Michael Brune, executive director of the environmental advocacy group Sierra Club, noted in an interview that a spokesman for the Colorado-based utility Xcel Energy explained that his company was expanding its investments in solar and wind power because they are the “most cost-effective and most reliable.”
The American Wind Energy Association, which also supports a federal carbon cap on existing plants, recently published a study that found that rates declined over the past five years in the 11 states that use the most wind, while rates increased collectively in all the other states during that same time period.
Rhone Resch, president and chief executive of the Solar Energy Industries Association, said the rule will have an enormous impact because it is so different from previous air-quality regulations in which power plants installed pollution controls to curb the emissions coming out of their stacks.

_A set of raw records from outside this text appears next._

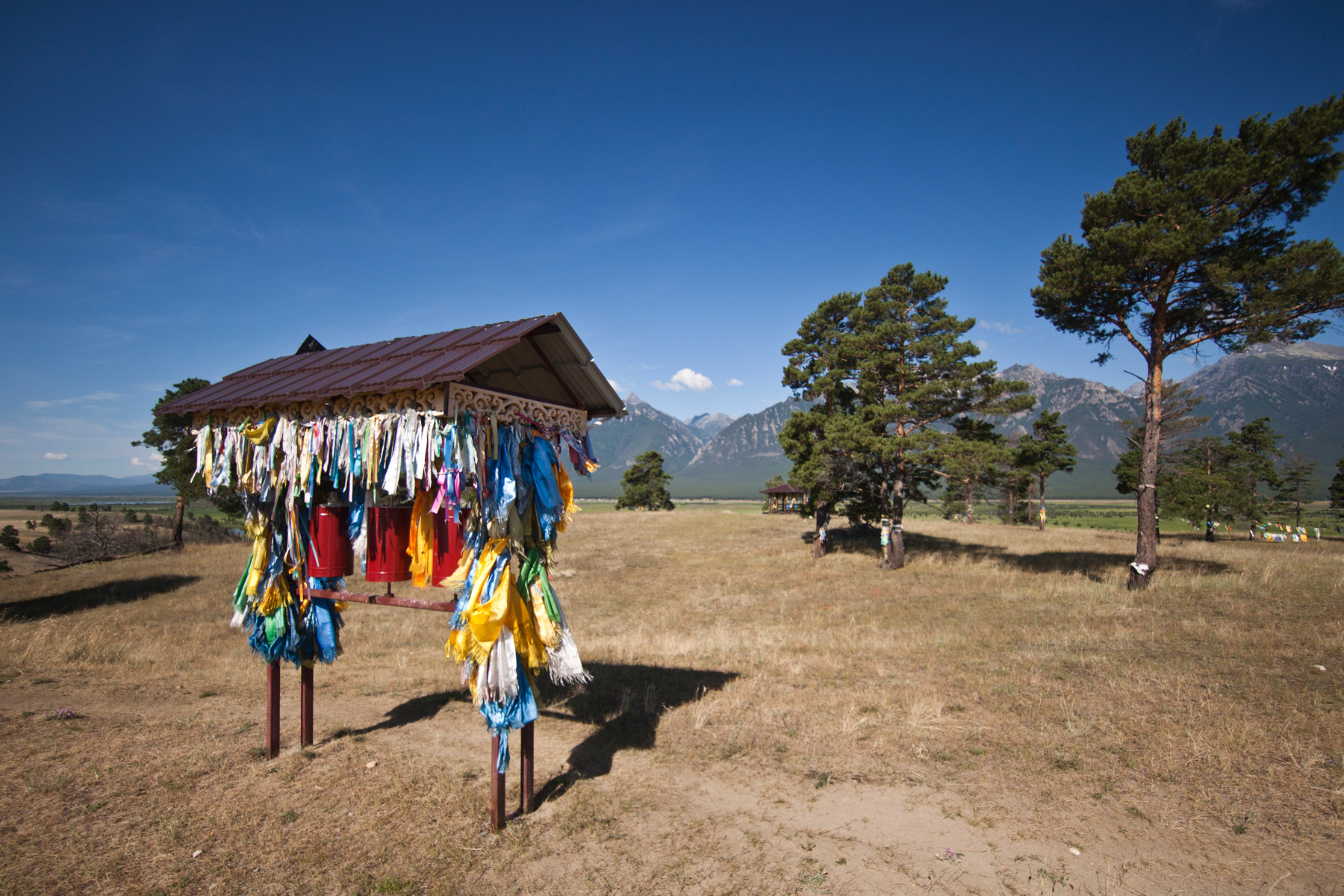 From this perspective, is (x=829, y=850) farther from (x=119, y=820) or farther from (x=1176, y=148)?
(x=1176, y=148)

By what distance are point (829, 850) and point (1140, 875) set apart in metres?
2.30

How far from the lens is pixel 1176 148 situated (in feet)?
47.4

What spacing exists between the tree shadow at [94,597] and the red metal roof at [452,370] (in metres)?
15.0

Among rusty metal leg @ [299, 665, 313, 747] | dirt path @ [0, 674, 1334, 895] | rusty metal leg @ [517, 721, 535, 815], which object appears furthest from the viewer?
rusty metal leg @ [299, 665, 313, 747]

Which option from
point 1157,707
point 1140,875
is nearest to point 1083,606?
point 1157,707

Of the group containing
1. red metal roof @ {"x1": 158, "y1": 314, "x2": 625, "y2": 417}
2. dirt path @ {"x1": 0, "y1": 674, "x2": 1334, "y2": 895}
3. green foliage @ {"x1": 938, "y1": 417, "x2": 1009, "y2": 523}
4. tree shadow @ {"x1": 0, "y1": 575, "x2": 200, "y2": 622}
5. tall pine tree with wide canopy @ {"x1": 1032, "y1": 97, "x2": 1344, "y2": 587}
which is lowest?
tree shadow @ {"x1": 0, "y1": 575, "x2": 200, "y2": 622}

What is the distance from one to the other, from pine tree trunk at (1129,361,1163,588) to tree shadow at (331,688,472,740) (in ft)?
53.3

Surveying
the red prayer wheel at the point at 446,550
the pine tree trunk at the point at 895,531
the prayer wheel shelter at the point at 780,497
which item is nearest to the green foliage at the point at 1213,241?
the pine tree trunk at the point at 895,531

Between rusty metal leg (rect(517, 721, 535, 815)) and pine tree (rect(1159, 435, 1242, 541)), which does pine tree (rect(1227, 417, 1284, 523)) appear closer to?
pine tree (rect(1159, 435, 1242, 541))

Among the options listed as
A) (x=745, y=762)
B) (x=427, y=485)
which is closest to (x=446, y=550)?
(x=427, y=485)

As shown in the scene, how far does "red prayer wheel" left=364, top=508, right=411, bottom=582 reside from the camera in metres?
6.05

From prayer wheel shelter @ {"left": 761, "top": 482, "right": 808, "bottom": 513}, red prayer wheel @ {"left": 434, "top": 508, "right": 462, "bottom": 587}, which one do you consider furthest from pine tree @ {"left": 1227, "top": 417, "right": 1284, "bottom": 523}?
red prayer wheel @ {"left": 434, "top": 508, "right": 462, "bottom": 587}

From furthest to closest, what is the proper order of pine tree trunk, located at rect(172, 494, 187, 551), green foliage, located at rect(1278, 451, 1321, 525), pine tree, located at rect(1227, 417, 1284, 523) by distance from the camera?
1. green foliage, located at rect(1278, 451, 1321, 525)
2. pine tree, located at rect(1227, 417, 1284, 523)
3. pine tree trunk, located at rect(172, 494, 187, 551)

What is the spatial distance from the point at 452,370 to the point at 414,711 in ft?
20.2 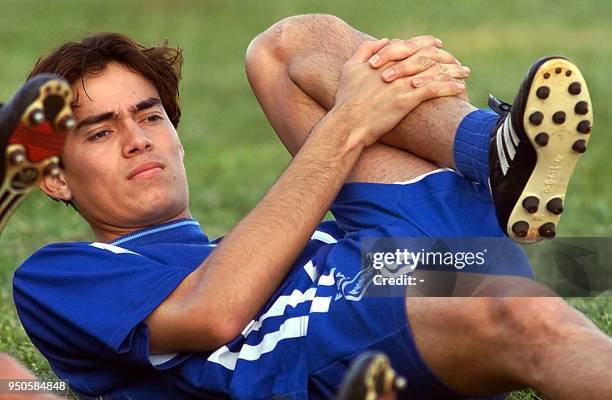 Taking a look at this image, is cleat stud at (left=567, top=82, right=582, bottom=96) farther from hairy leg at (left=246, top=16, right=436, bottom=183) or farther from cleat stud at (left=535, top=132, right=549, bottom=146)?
hairy leg at (left=246, top=16, right=436, bottom=183)

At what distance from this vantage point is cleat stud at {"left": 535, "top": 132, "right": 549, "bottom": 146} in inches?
137

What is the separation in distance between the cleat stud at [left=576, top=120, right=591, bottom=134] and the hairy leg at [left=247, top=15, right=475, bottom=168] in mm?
560

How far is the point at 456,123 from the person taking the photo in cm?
388

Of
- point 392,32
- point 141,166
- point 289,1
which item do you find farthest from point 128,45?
point 289,1

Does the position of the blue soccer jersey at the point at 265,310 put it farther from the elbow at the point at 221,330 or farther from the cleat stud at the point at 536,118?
the cleat stud at the point at 536,118

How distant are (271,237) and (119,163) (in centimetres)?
71

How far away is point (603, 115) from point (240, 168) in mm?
3620

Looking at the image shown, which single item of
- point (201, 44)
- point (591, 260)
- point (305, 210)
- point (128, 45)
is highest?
point (128, 45)

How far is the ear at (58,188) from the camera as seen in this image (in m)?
4.25

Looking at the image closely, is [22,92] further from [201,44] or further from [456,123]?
[201,44]

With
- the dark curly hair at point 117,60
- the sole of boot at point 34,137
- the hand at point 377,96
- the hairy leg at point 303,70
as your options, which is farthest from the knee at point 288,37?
the sole of boot at point 34,137

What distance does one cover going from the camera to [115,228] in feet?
13.7

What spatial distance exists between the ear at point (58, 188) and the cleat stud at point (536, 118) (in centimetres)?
155

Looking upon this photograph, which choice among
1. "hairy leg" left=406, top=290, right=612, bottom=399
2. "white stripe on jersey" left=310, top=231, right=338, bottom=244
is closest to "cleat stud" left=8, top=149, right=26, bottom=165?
"hairy leg" left=406, top=290, right=612, bottom=399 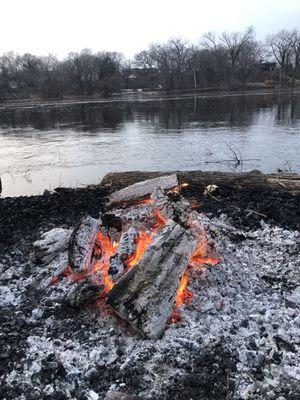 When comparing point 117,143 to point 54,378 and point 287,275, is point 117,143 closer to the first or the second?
point 287,275

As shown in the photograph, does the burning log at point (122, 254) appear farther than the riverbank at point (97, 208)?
No

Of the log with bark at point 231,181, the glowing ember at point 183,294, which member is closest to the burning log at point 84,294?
the glowing ember at point 183,294

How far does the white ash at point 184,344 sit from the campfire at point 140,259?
0.56ft

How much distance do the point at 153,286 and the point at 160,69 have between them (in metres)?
94.4

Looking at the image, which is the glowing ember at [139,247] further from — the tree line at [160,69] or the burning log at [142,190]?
the tree line at [160,69]

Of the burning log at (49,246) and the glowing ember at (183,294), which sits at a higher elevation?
the burning log at (49,246)

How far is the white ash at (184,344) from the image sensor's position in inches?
153

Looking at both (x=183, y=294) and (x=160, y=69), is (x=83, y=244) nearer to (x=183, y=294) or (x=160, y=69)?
(x=183, y=294)

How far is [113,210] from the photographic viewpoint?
7648 mm

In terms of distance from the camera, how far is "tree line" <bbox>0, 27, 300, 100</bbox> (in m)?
82.5

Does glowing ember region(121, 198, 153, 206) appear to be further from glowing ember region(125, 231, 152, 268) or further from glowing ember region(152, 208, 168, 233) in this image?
glowing ember region(125, 231, 152, 268)

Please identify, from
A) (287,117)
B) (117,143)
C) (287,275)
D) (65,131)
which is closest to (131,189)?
(287,275)

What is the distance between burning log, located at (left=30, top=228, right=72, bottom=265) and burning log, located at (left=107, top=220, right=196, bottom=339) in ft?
5.58

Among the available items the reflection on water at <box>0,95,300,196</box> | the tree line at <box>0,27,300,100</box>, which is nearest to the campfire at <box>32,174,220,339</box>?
the reflection on water at <box>0,95,300,196</box> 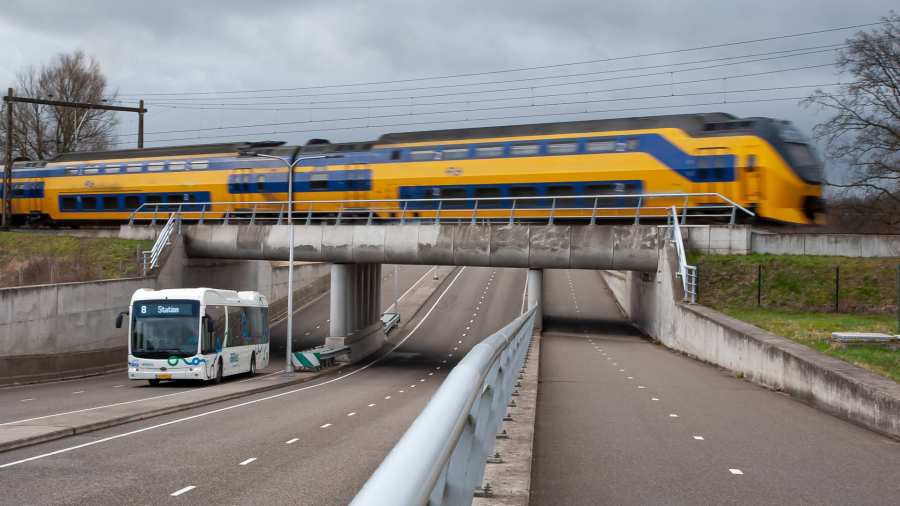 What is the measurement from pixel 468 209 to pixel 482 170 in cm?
182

“This is renewable energy as a compliance technology, and that’s a huge change from what it’s been in the past,” he said. “We think that solar will be an option, one of the technologies of choice for both the utilities and the air directors of these states.”
The proposed regulations will provide new impetus for energy-efficiency measures to flatten out or even lower electricity consumption. A March report by the American Council for an Energy Efficient Economy looked at efficiency programs in 20 states from 2009 to 2012 and found an average cost of 2.8 cents per kilowatt hour — about one-half to one-third the cost of alternative new electricity resource options, the group said.
A significant number of lawmakers, Republicans and some Democrats from coal-dependent states, have indicated that they will try to fight any attempt by the EPA to crack down on existing plants. Several state attorneys general have vowed to fight the proposed regulations in court.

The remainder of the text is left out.